Since the bill’s introduction to the Senate on March 20, word has spread like wildfire through the medium-security facility where I’m currently housed. In the 30-plus years I’ve been incarcerated—and there are nearly 1,000 of us who have now been in GDC facilities that long—this is a first.
The Board never has to see or speak to us at all, let alone explain why we can’t go home, but it does at least have guidelines it’s supposed follow when reviewing parole-eligible cases. However, they don’t apply to lifers. The only right that we have is that our file be reviewed “at least once every eight years.” In 2023, the Board granted parole to 110 eligible lifers, and denied it to 2,254.
Currently, the way parole review works is that GDC uploads our files to the Georgia Parole Evidence-based Data System, for the Board members to review and vote on electronically. When a three-vote majority is reached, a notification is generated for the warden. It feels as automated as it sounds.

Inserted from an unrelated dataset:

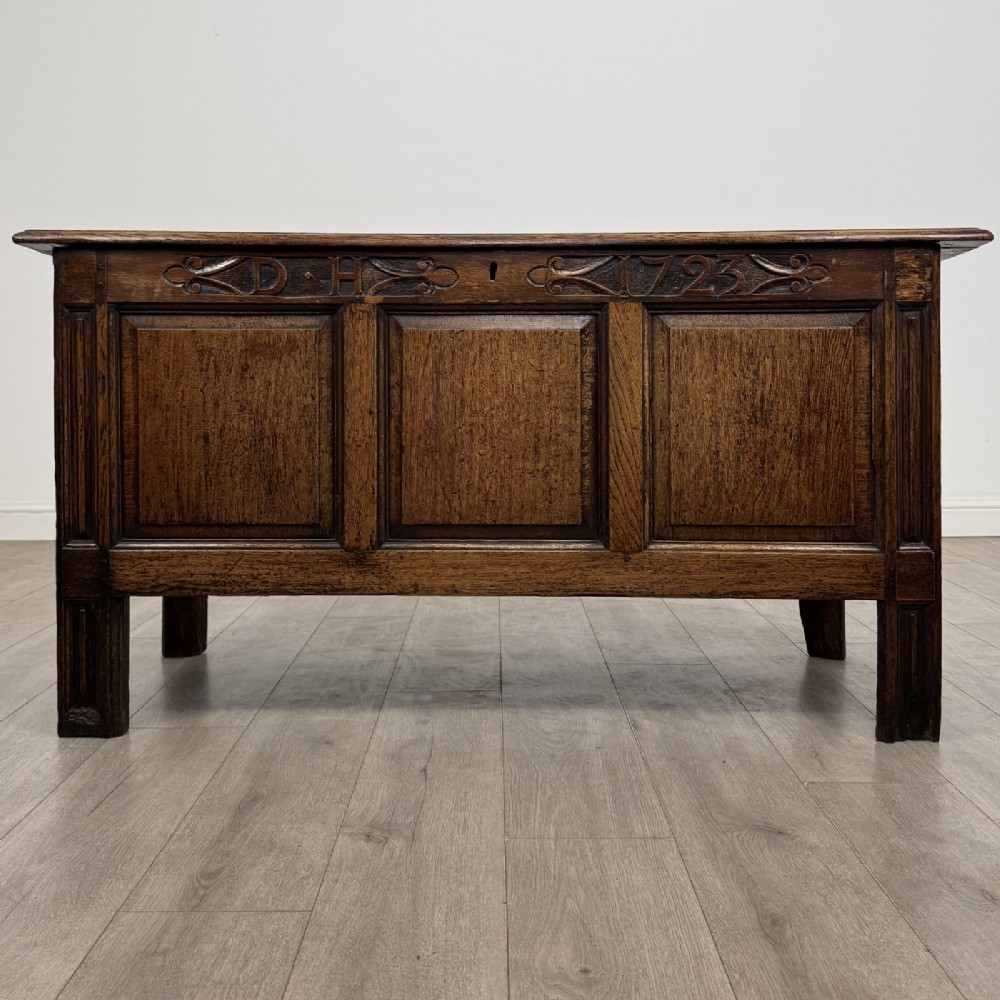 An antique early 18th-century panelled oak coffer featuring a carved frieze with initials D H and the year 1723.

You can do a video interview with a parole officer where you have the opportunity to make a statement you want the Board to hear. The opportunity is widely understood to be merely window dressing; a pretty curtain behind which lies more concrete wall.
During the video conference outlined in SB 586, prisoners would have “a reasonable opportunity to present information” typical of clemency considerations. This includes information about our initial conviction and sentencing; our record of behavior while incarcerated; the level of outside support we have from family and other ties to community; the impact of release on victims and their families; and the sentiments of the local prosecuting attorney.
The written explanation for the decision would describe the “findings of fact, including the queries [from the interview], that provide the basis for the board’s decision.” It would also include names of anyone contacted on behalf of either the petitioner or victims, and whether that contact was made by phone, email or in person.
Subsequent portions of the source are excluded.